Perhaps more telling was that Biden’s achievements were fleeting. Measures in the Recovery Act, in particular extended tax credit for children – in a year or two. I had a tax credit reducing child poverty by about 40 percent, which rose immediately after its repeal. Voters felt little impact from investments in infrastructure and climate that took a long time to roll out. And the limits of a one-term president are especially evident as Trump vows to undo as many of Biden’s accomplishments as he can.
The biggest failures of the Biden presidency occurred in foreign policy. His promise of dramatic change — a “foreign policy for the middle class” — proved to be empty rhetoric beyond a change in trade policy. Biden declared that “America is back,” asserting that the U.S. is an “indispensable nation,” and continued to act as if America remained the unipolar power of the past three decades. He has stood up to Russia in Ukraine, China in the South China Sea, Iran in the Middle East, and supported a misguided war on terror around the world. He sought to enlist allies to offset the apparent limitations of US power and resources, while calling the world to a quixotic global struggle of democracy against autocracy.
He assumed that the world no longer existed – and the result was disastrous. Reluctance to negotiate with Russia over Ukraine sparked an invasion that will leave the country broken and in ruins. He was dismissive of renewing the Iran nuclear deal. His support of Israel in its genocidal attack on Gaza violated US law and lied to all US talk of a “rules-based order”. Biden was ridiculously supportive economic sanctions to a third of the world’s countries, including 60 percent of developing countries. Defining threats in military terms, his military budget has reached $1 trillion a year, under-resourced for real security threats like pandemics and climate change.
As he left office, Biden declared that America was stronger because of his efforts and that our adversaries were weaker. In fact, there are conflict zones all over the world increased by two thirds for the last three years. His support for Israel made America more isolated and despised. He has prepared the country for a military conflict with China in the South China Sea that it cannot win. And the core foreign policy vision for the middle class — that we would hold back on military adventures abroad to focus on rebuilding the country at home — was lost in the wave. To our eternal shame, Guantanamo prison remains open and embargo on Cuba remains in place. In his finale speech At the State Department, Biden urged Trump to face the reality that climate change is “the greatest threat to humanity.” But from the United States peak oiland the military consumes twice as much money in a year as Biden’s touted climate bill allocated over 10 years, his policies have been far from reflecting that threat.

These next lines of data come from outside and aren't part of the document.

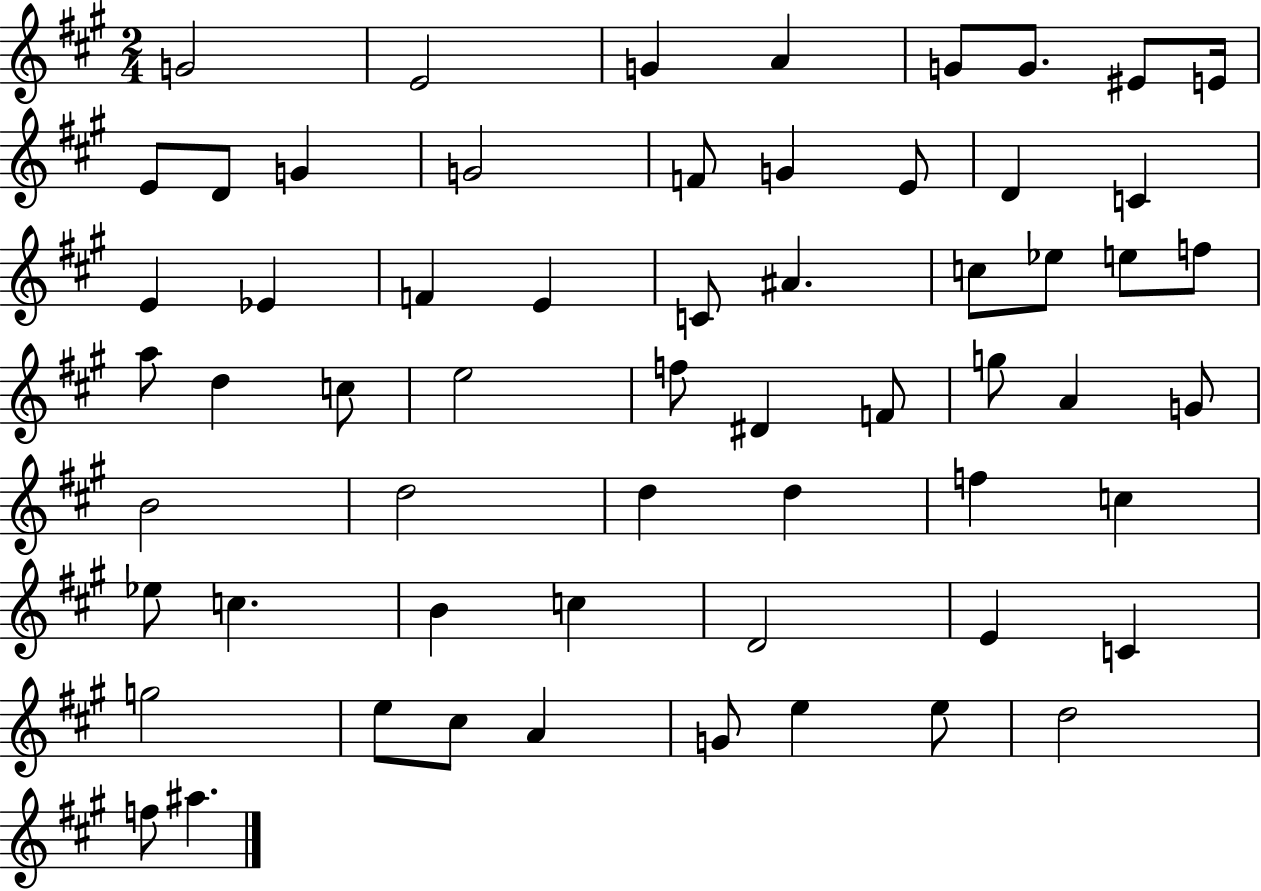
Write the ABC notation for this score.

X:1
T:Untitled
M:2/4
L:1/4
K:A
G2 E2 G A G/2 G/2 ^E/2 E/4 E/2 D/2 G G2 F/2 G E/2 D C E _E F E C/2 ^A c/2 _e/2 e/2 f/2 a/2 d c/2 e2 f/2 ^D F/2 g/2 A G/2 B2 d2 d d f c _e/2 c B c D2 E C g2 e/2 ^c/2 A G/2 e e/2 d2 f/2 ^a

Starring Ben Rhodes, Obama’s former speechwriter noted: “Biden and Trump are really two sides of the same coin in foreign policy: Their platforms of ‘Make America Great Again’ and ‘America Back’ both represent different kinds of nostalgia for a world that structurally can no longer exist.” The emerging multipolar world requires abandoning both Trump’s “aggressive nationalism” and Biden’s “missionary liberalism” in favor of something much more realistic.

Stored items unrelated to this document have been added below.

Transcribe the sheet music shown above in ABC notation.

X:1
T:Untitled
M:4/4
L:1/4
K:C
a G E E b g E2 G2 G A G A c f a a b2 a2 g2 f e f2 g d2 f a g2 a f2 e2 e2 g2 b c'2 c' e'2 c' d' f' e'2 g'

History will judge whether Biden was a consistent president; instant grades are written in the wind. But some conclusions seem obvious. Biden cemented the break with the failed market fundamentalism of the conservative era that Trump ushered in. That era is over. In contrast, Biden sought to assert America’s role as an “indispensable nation” abroad that could no longer continue. What will happen next remains to be seen. And with Trump, a cynical, ill-informed, transactional fraud returning to the presidency, it’s unlikely to be resolved anytime soon.